LSceneLLM: Enhancing Large 3D Scene Understanding Using Adaptive Visual Preferences
Hongyan Zhi, Peihao Chen, Junyan Li, Shuailei Ma, Xinyu Sun, Tianhang Xiang, Yinjie Lei, Mingkui Tan, Chuang Gan
2024-12-04

Summary
This paper introduces LSceneLLM, a new framework designed to improve the understanding of large 3D scenes by using adaptive visual preferences to focus on relevant details.
What's the problem?
Understanding complex 3D scenes is challenging because they contain a lot of visual information. Existing methods often try to analyze all objects in a scene, but this can lead to too much unnecessary information and miss important details needed for specific tasks. This makes it hard for AI systems to accurately locate and understand the relevant parts of a scene.
What's the solution?
LSceneLLM addresses this issue by automatically identifying the most important areas in a 3D scene based on the task at hand. It uses a special module called a 'scene magnifier' that helps zoom in on these areas to capture finer details. The framework includes a dense token selector that looks at what the AI model finds important and then focuses on those specific parts of the scene.
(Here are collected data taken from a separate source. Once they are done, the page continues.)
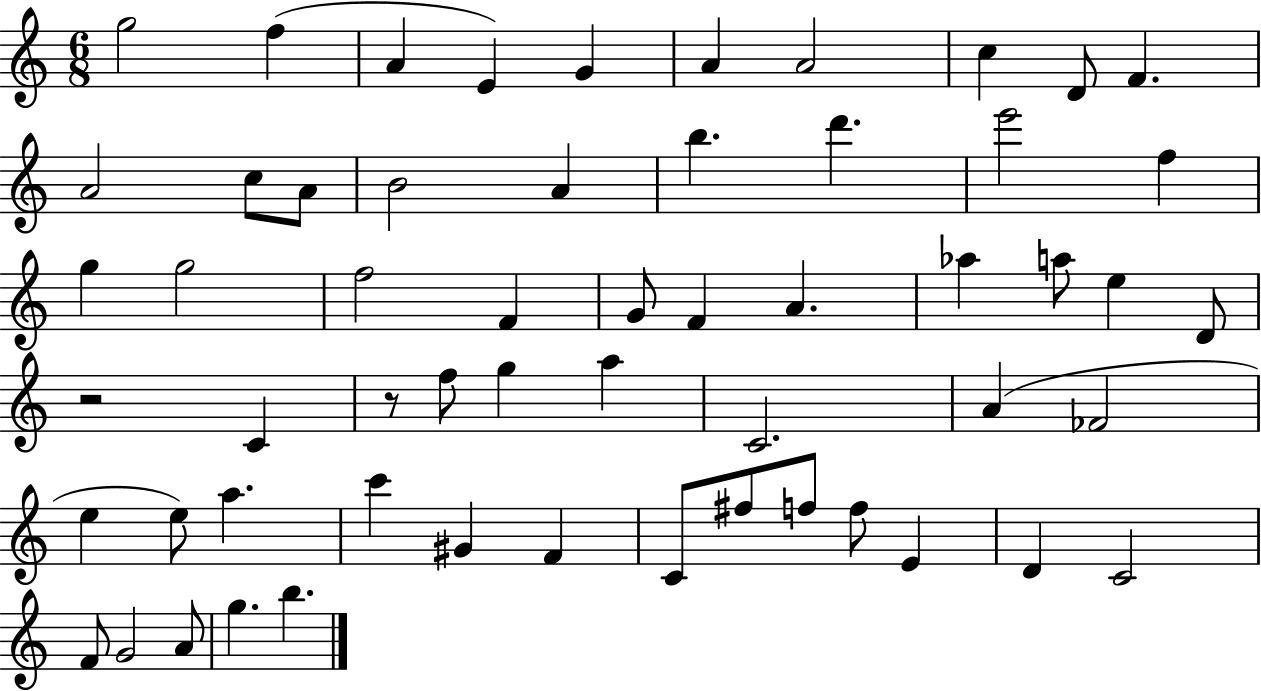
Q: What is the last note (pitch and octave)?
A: B5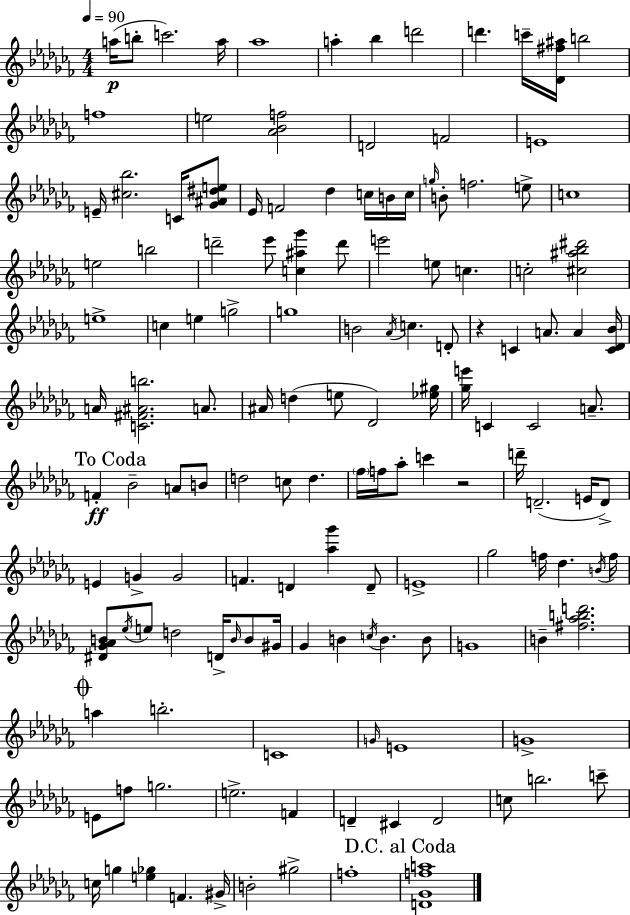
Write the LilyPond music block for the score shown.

{
  \clef treble
  \numericTimeSignature
  \time 4/4
  \key aes \minor
  \tempo 4 = 90
  a''16(\p b''8-. c'''2.) a''16 | aes''1 | a''4-. bes''4 d'''2 | d'''4. c'''16-- <des' fis'' ais''>16 b''2 | \break f''1 | e''2 <aes' bes' f''>2 | d'2 f'2 | e'1 | \break e'16-- <cis'' bes''>2. c'16 <ges' ais' dis'' e''>8 | ees'16 f'2 des''4 c''16 b'16 c''16 | \grace { g''16 } b'8-. f''2. e''8-> | c''1 | \break e''2 b''2 | d'''2-- ees'''8 <c'' ais'' ges'''>4 d'''8 | e'''2 e''8 c''4. | c''2-. <cis'' ais'' bes'' dis'''>2 | \break e''1-> | c''4 e''4 g''2-> | g''1 | b'2 \acciaccatura { aes'16 } c''4. | \break d'8-. r4 c'4 a'8. a'4 | <c' des' bes'>16 a'16 <c' fis' ais' b''>2. a'8. | ais'16 d''4( e''8 des'2) | <ees'' gis''>16 <ges'' e'''>16 c'4 c'2 a'8.-- | \break \mark "To Coda" f'4-.\ff bes'2-- a'8 | b'8 d''2 c''8 d''4. | \parenthesize fes''16 f''16 aes''8-. c'''4 r2 | d'''16-- d'2.--( e'16 | \break d'8->) e'4 g'4-> g'2 | f'4. d'4 <aes'' ges'''>4 | d'8-- e'1-> | ges''2 f''16 des''4. | \break \acciaccatura { b'16 } f''16 <dis' ges' aes' b'>8 \acciaccatura { ees''16 } e''8 d''2 | d'16-> \grace { b'16 } b'8 gis'16 ges'4 b'4 \acciaccatura { c''16 } b'4. | b'8 g'1 | b'4-- <fis'' aes'' b'' d'''>2. | \break \mark \markup { \musicglyph "scripts.coda" } a''4 b''2.-. | c'1 | \grace { g'16 } e'1 | g'1-> | \break e'8 f''8 g''2. | e''2.-> | f'4 d'4-- cis'4 d'2 | c''8 b''2. | \break c'''8-- c''16 g''4 <e'' ges''>4 | f'4. gis'16-> b'2-. gis''2-> | f''1-. | \mark "D.C. al Coda" <d' ges' f'' a''>1 | \break \bar "|."
}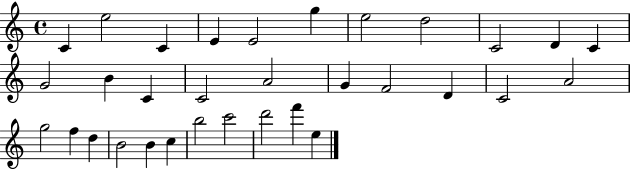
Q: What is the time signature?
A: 4/4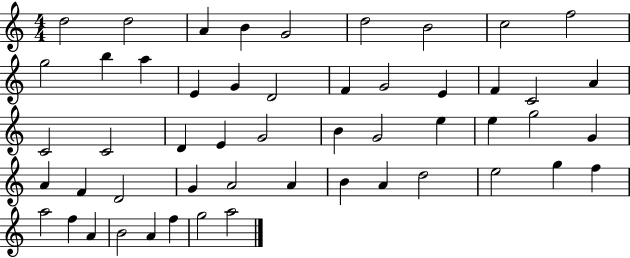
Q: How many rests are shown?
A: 0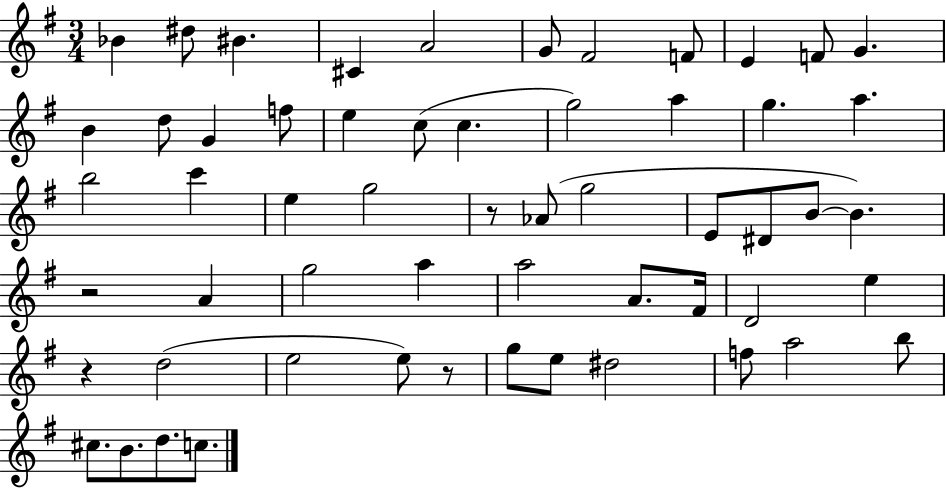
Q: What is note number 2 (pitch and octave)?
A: D#5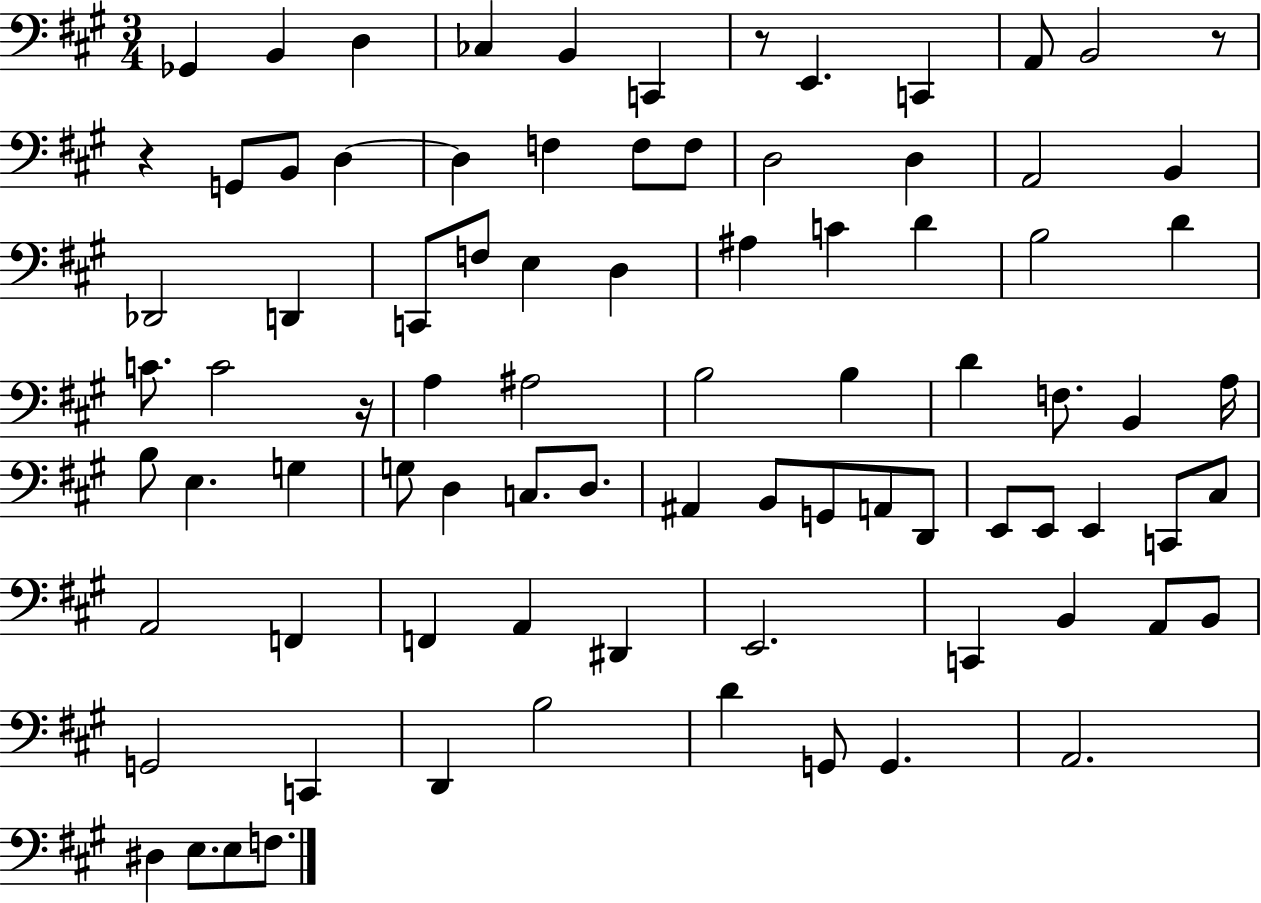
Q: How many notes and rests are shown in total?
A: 85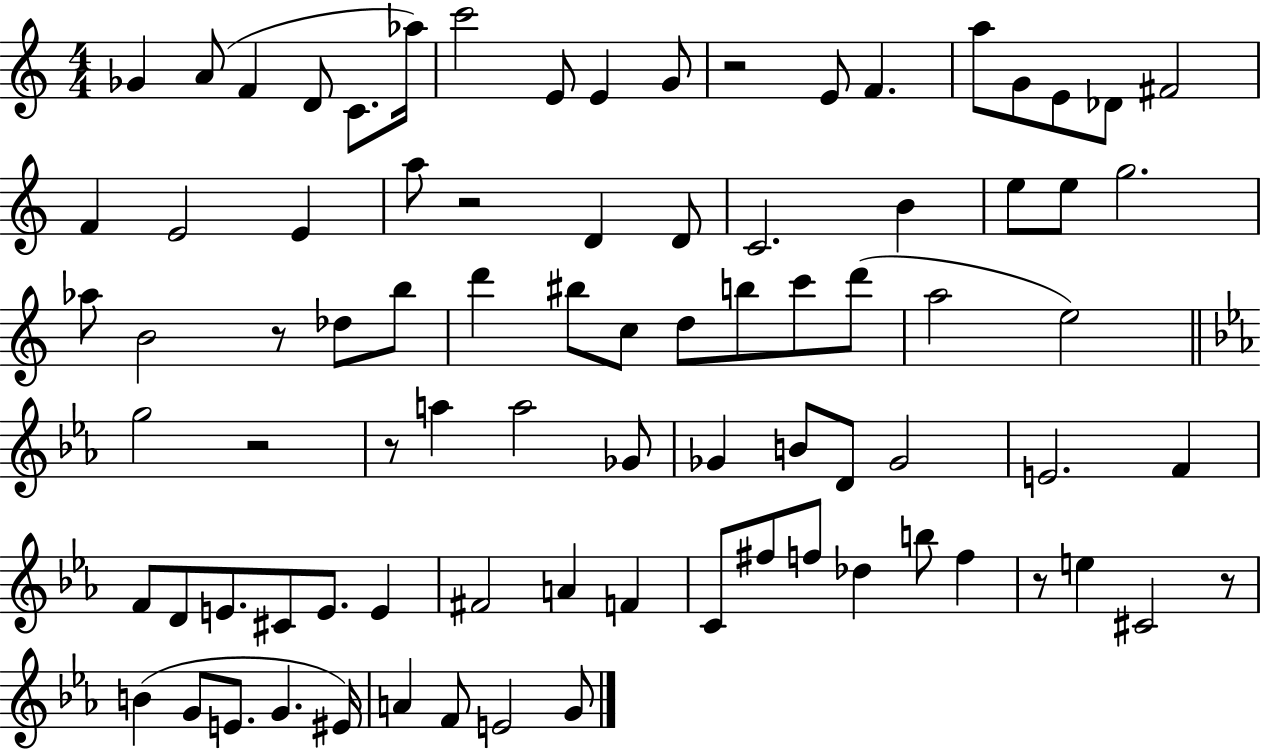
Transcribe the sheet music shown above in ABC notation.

X:1
T:Untitled
M:4/4
L:1/4
K:C
_G A/2 F D/2 C/2 _a/4 c'2 E/2 E G/2 z2 E/2 F a/2 G/2 E/2 _D/2 ^F2 F E2 E a/2 z2 D D/2 C2 B e/2 e/2 g2 _a/2 B2 z/2 _d/2 b/2 d' ^b/2 c/2 d/2 b/2 c'/2 d'/2 a2 e2 g2 z2 z/2 a a2 _G/2 _G B/2 D/2 _G2 E2 F F/2 D/2 E/2 ^C/2 E/2 E ^F2 A F C/2 ^f/2 f/2 _d b/2 f z/2 e ^C2 z/2 B G/2 E/2 G ^E/4 A F/2 E2 G/2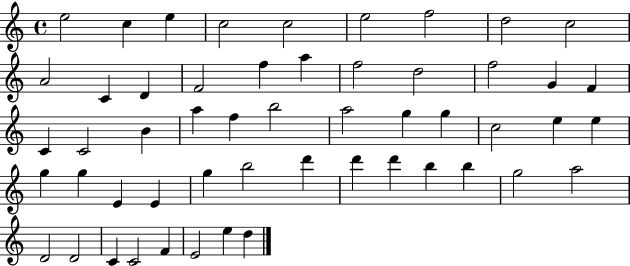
{
  \clef treble
  \time 4/4
  \defaultTimeSignature
  \key c \major
  e''2 c''4 e''4 | c''2 c''2 | e''2 f''2 | d''2 c''2 | \break a'2 c'4 d'4 | f'2 f''4 a''4 | f''2 d''2 | f''2 g'4 f'4 | \break c'4 c'2 b'4 | a''4 f''4 b''2 | a''2 g''4 g''4 | c''2 e''4 e''4 | \break g''4 g''4 e'4 e'4 | g''4 b''2 d'''4 | d'''4 d'''4 b''4 b''4 | g''2 a''2 | \break d'2 d'2 | c'4 c'2 f'4 | e'2 e''4 d''4 | \bar "|."
}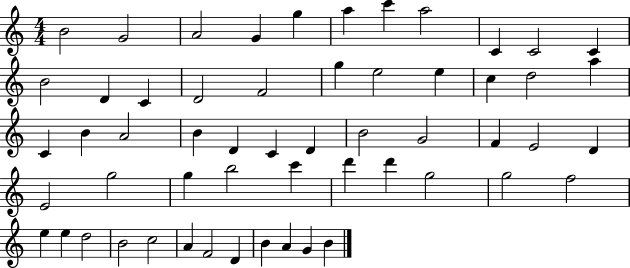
B4/h G4/h A4/h G4/q G5/q A5/q C6/q A5/h C4/q C4/h C4/q B4/h D4/q C4/q D4/h F4/h G5/q E5/h E5/q C5/q D5/h A5/q C4/q B4/q A4/h B4/q D4/q C4/q D4/q B4/h G4/h F4/q E4/h D4/q E4/h G5/h G5/q B5/h C6/q D6/q D6/q G5/h G5/h F5/h E5/q E5/q D5/h B4/h C5/h A4/q F4/h D4/q B4/q A4/q G4/q B4/q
Additionally, LSceneLLM introduces a new benchmark called XR-Scene to evaluate how well AI can understand large scenes through various tasks.
Why it matters?
This research is significant because it enhances how AI systems can interpret and interact with complex 3D environments. By improving scene understanding, LSceneLLM can benefit applications such as robotics, virtual reality, and gaming, where accurate navigation and interaction within 3D spaces are crucial.
Abstract
Research on 3D Vision-Language Models (3D-VLMs) is gaining increasing attention, which is crucial for developing embodied AI within 3D scenes, such as visual navigation and embodied question answering. Due to the high density of visual features, especially in large 3D scenes, accurately locating task-relevant visual information is challenging. Existing works attempt to segment all objects and consider their features as scene representations. However, these task-agnostic object features include much redundant information and missing details for the task-relevant area. To tackle these problems, we propose LSceneLLM, an adaptive framework that automatically identifies task-relevant areas by leveraging LLM's visual preference for different tasks, followed by a plug-and-play scene magnifier module to capture fine-grained details in focused areas. Specifically, a dense token selector examines the attention map of LLM to identify visual preferences for the instruction input. It then magnifies fine-grained details of the focusing area. An adaptive self-attention module is leveraged to fuse the coarse-grained and selected fine-grained visual information. To comprehensively evaluate the large scene understanding ability of 3D-VLMs, we further introduce a cross-room understanding benchmark, XR-Scene, which contains a series of large scene understanding tasks including XR-QA, XR-EmbodiedPlanning, and XR-SceneCaption. Experiments show that our method surpasses existing methods on both large scene understanding and existing scene understanding benchmarks. Plunging our scene magnifier module into the existing 3D-VLMs also brings significant improvement.